Authentication: Microsoft NPS: Difference between revisions

Authentication: Microsoft NPS, or Network Policy Server, allows you to create and enforce organization-wide network access policies for connection requests, authentication and authorization, including RADIUS authentication. Official Microsoft documentation can be found here.

This service was setup to authenticate Network: Road Warrior VPN on Hardware:SAD-HME-FW01 via RADIUS. In addition to RADIUS authentication, Authentication: Cisco DUO Application Proxy handles multi-factor authentication. These services run from Servers:SAD-AUTH01 and provide secure access to sysadminafterdark internal operations.

The steps below were followed to attain a working Microsoft NPS server with RADIUS Authentication:

1. Click the Start button and open Server Manager
2. On the top right, click Manage, then click "Add Roles and Features"
3. The Microsoft "Add Roles And Features Wizard" will open. Click Next to continue.
4. On the installation type screen, proceed with a Role-based or feature-based installation.
5. Click Next to proceed with the installation on the local server on the "Server Selection" screen. If you are using RSAT, you may need to select a different server, or add the server to the pool to proceed with management.
6. On the "Select Server Roles" screen, click the check next to "Network Policy And Access Services". A new window will open asking to also install management tools. Click "Add Features". Then Click Next.
7. Click Next on the "Features" screen.
8. Click Next on the Network Policy and Access Services" screen.
9. On the "Conformation" screen, click Install.

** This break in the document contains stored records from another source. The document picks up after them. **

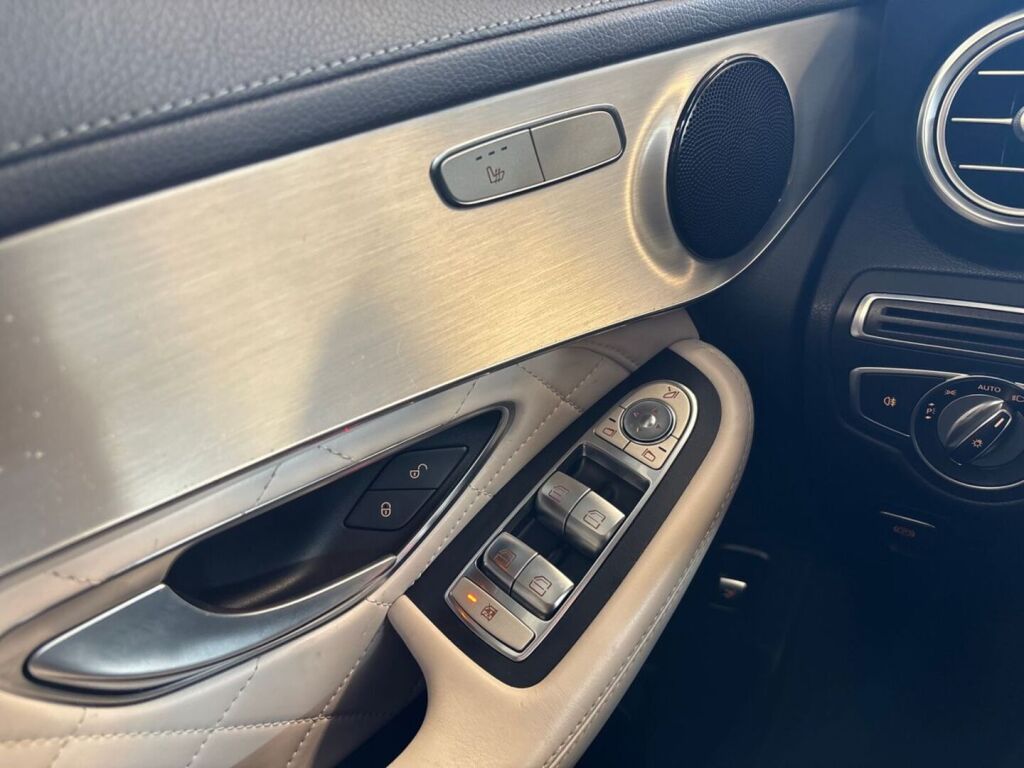 Mercedes-Benz GLC 2017 Sininen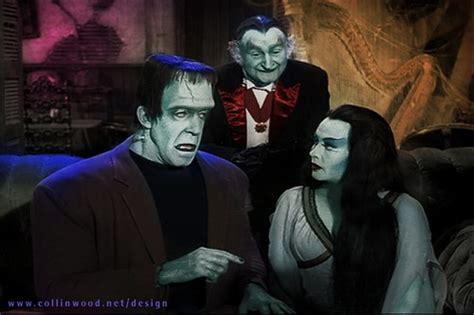 The Munsters | Colorized screengrab from The Munsters, echoi… | Flickr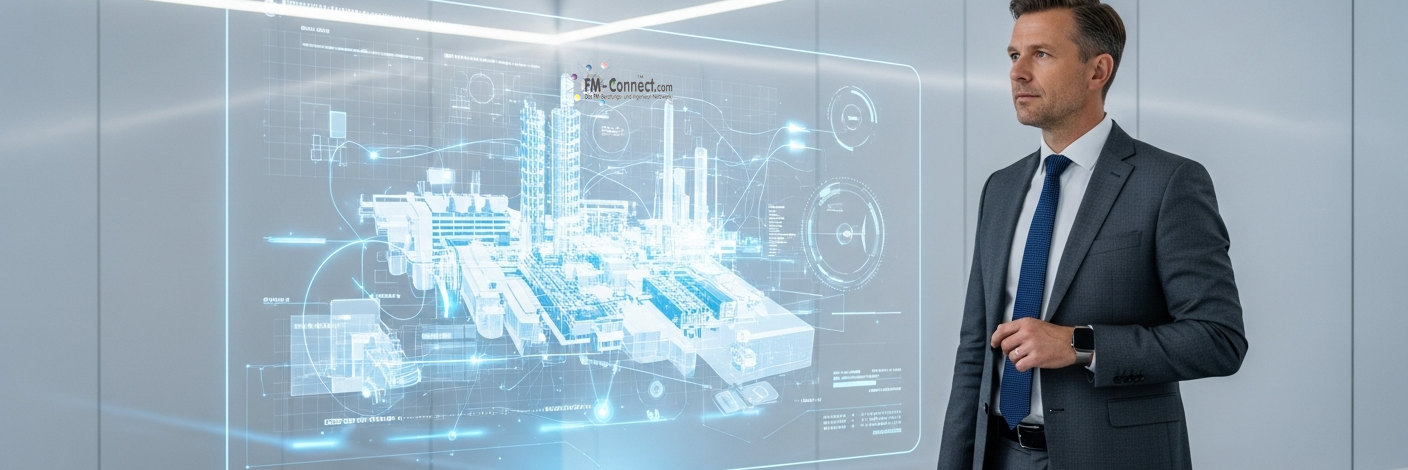 Langfristige Zielrichtung zur strategischen Weiterentwicklung im technischen Facility Management
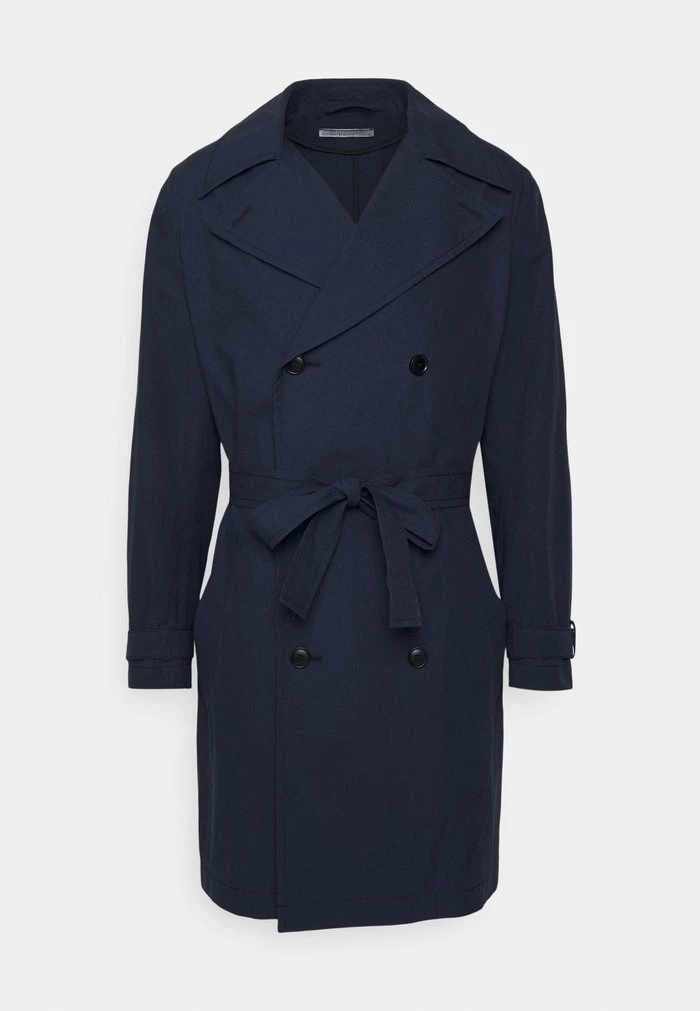 DRYKORN CLAVE - Trenchcoat - Blue 7 DRYKORN CLAVE - Trenchcoat - Blue - Image 5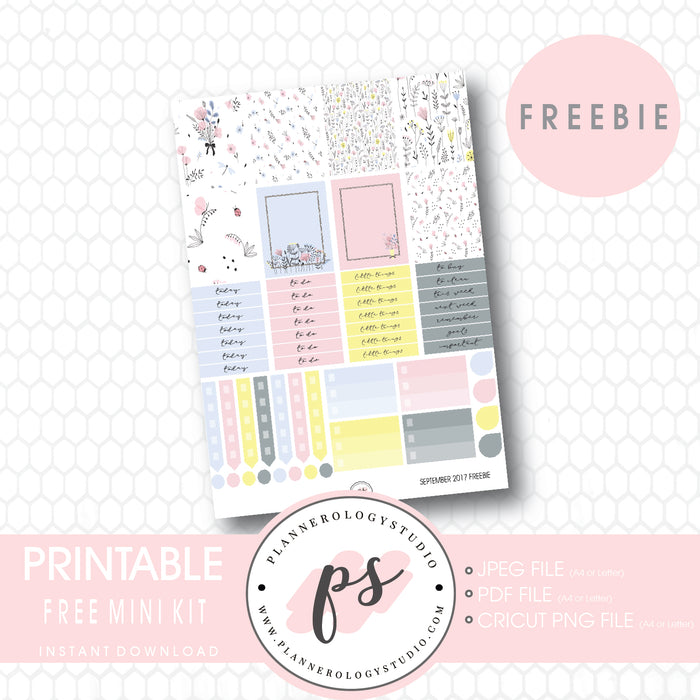 Hello Spring Weekly Kit Printable Digital Planner Stickers (for use wi –  Plannerologystudio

The role is now installed on the server and can be accessed by clicking the start button and launching "Network Policy Server". After Network Policy Server is launched, proceed with configuring the RADIUS server:

1. On the left sidebar, right clcik "RADIUS Clients", then click "new".
2. Give the connection a Friendly Name. For example, I am using "SAD-HME-FW01 Road Warrior VPN"
3. Input the IP address of the firewall. For example, I am using "10.1.1.1".
4. Click the Generate radio button, then click "Generate". Copy this password to your password manager for later use.
5. Click OK. The RADIUS server will appear in the list of configured clients.
6. Under Policies, right click Network Policies then click New.
7. Enter the policy name to enable communication to your firewall. For example, I am using "Allow from Firewall"
8. Leave the "Type of network access server" at the default value of "Unspecified" and click Next.
9. On the "Specify Conditions" screen, Click Add. Then Click "User Groups".
10. On the "User Groups" window, click add groups, then type in the name of your Active Directory group that will be utilized to define authorized VPN users. For example, I am using Users and Groups: sg_roadwarrior_vpn_access. Once the group is added, click Ok, then Click Next.
11. On the "Specify Access Permission" window, select "Access Granted" then click Next.
12. On the "Configure Authentication Methods" window, select all of the "Less secure authentication methods" checkboxes, leaving the last one, "Allow clients to connect without negotiating an authentication method" unticked. Click Next.